In a late summer afternoon heat and humidity, a storm percolated in central Indiana.
Towering thunderclouds formed on the horizon. Great green globs, some with fiery yellow and red centers, appeared on TV station radar screens.
All over Johnson County, amateur radio operators fired up their radios, forming a network ready to pass vital information about the coming storm to emergency officials.
These men and women are carrying on a tradition that started with the pioneers of radio. From storm spotting to assisting officials during community disasters, amateur radio operators band together.
When the Internet is down and the electrical grids have lost power, radio is still able to operate.

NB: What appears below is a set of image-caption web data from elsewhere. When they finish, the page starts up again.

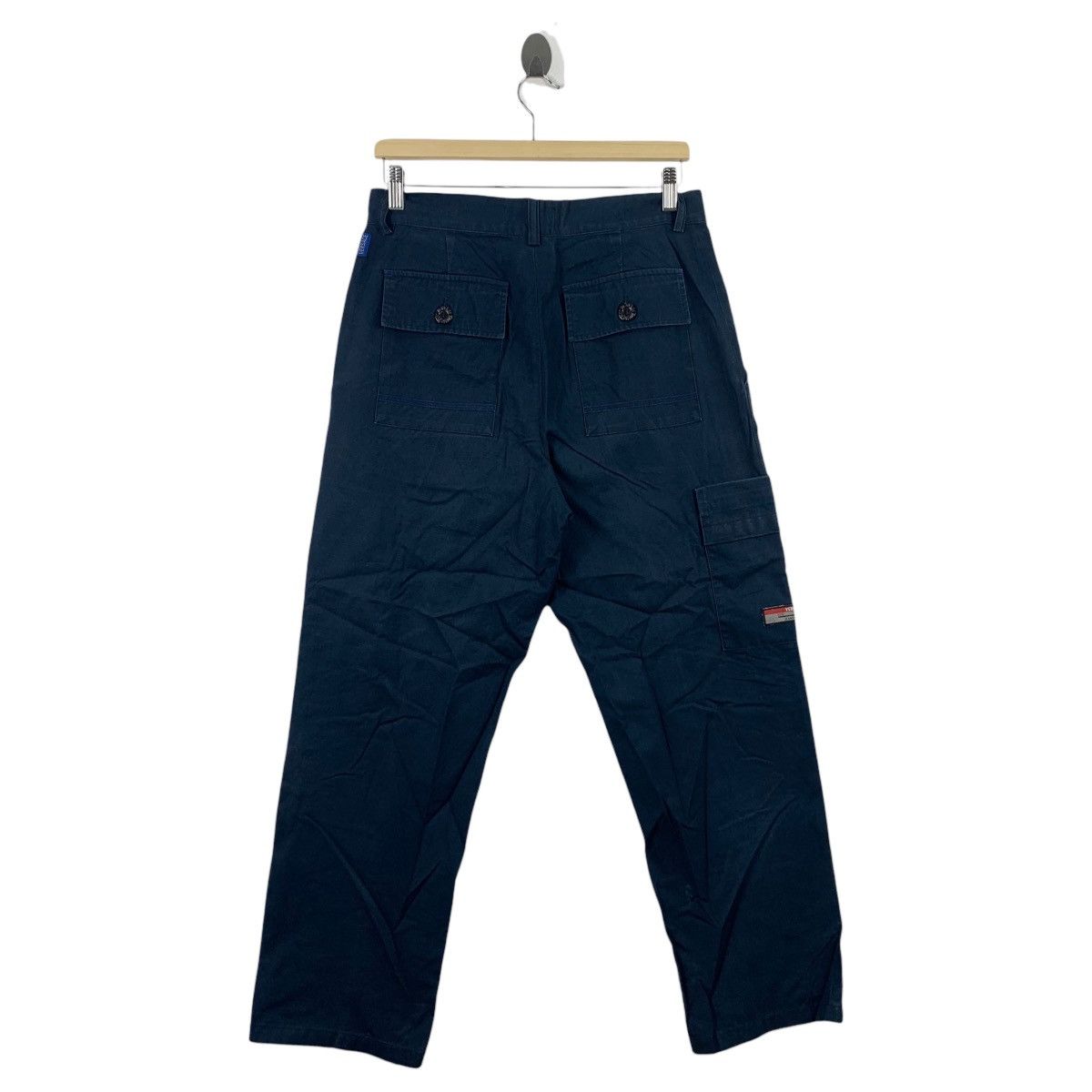 Versace VERSACE JEANS COUTURE ripstop single pocket cargo pants Size US 32 / EU 48 - 4 Thumbnail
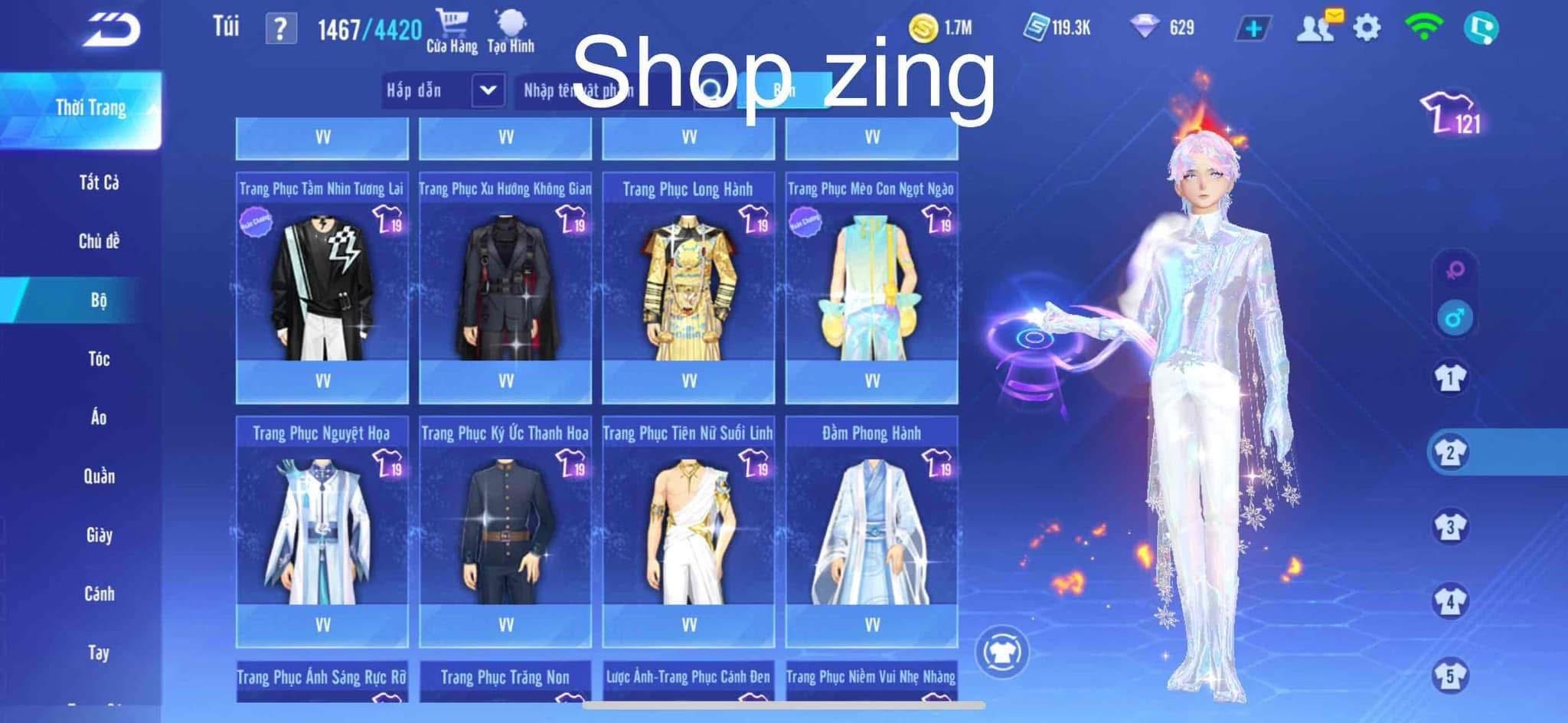 16. Tài khoản Z2318 - hình ảnh bảng ngọc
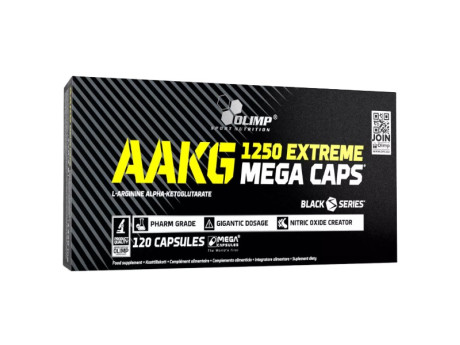AAKG 1250 Extreme Mega Caps Olimp (120 капсул)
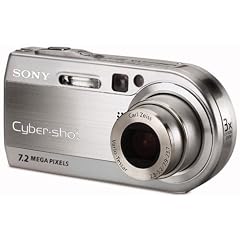 Sony DSC-P150 Cyber-shot Digitalkamera (7 Megapixel) in silber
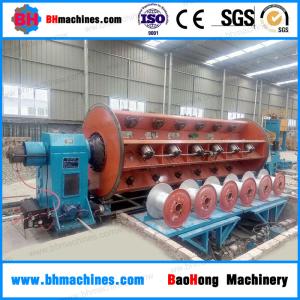 Quality Alibaba good price High Quality Automatic rigid copper wire twisting machine wholesale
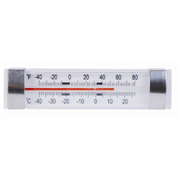 On The Road Horizontal Fridge Freezer Thermometer          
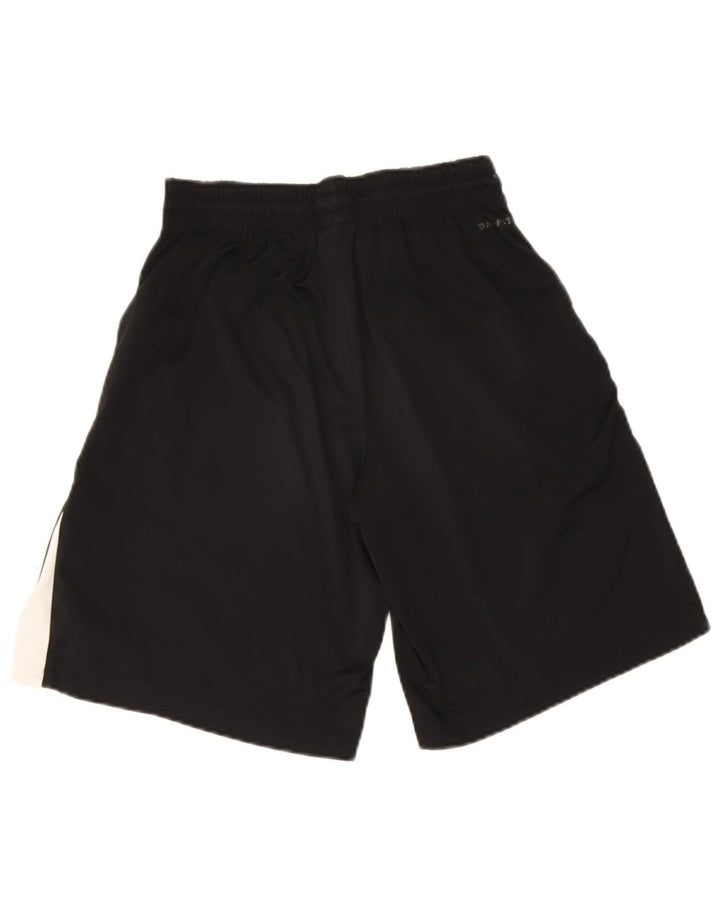 Pantaloncini sportivi Jordan Dri Fit da uomo, colore nero medio, in poliestere a blocchi di colore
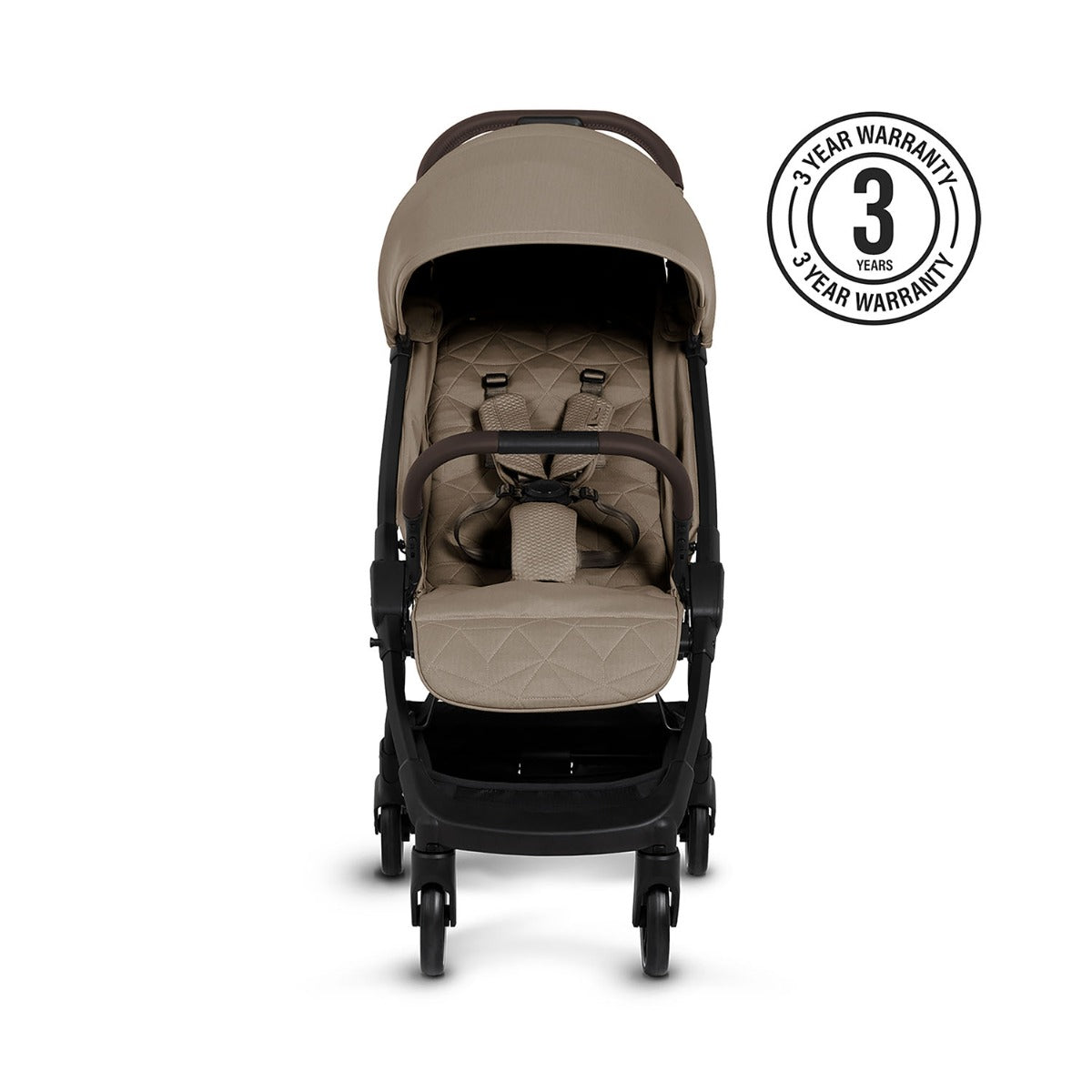 Silver Cross Clic 2 Compact Stroller - Cobble 3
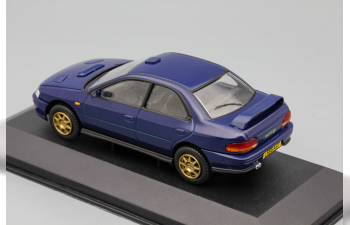 SUBARU Impreza Turbo WRX Type RA Sti 555, blue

“When all else fails, we get through,” said Rusty Kirts, a member of the Franklin-based Midwest Amateur Radio Club.
Amateur radio has been a hobby for people almost as soon as the technology to transmit sound became available. After Nikola Tesla developed the radio, and Guglielmo Marconi sent the first transatlantic broadcast, people clamored for the chance to make their own radios.
Those enthusiasts were derogatorily called “ham radio” operators. They were amateurs, and professional broadcasters saw them as playing around on this serious technology.
“They saw these people just hamming it up out there. It was meant to be a slur to us,” Kirts said.
All over the country, these people banded together to form clubs to promote amateur radio. In Johnson County, that has mainly been through the Midwest Amateur Radio Club.
The organization was founded 30 years ago and now has about 40 members. It hosts activities and contests, seeing who can connect with the most people and collect the most call signs from others.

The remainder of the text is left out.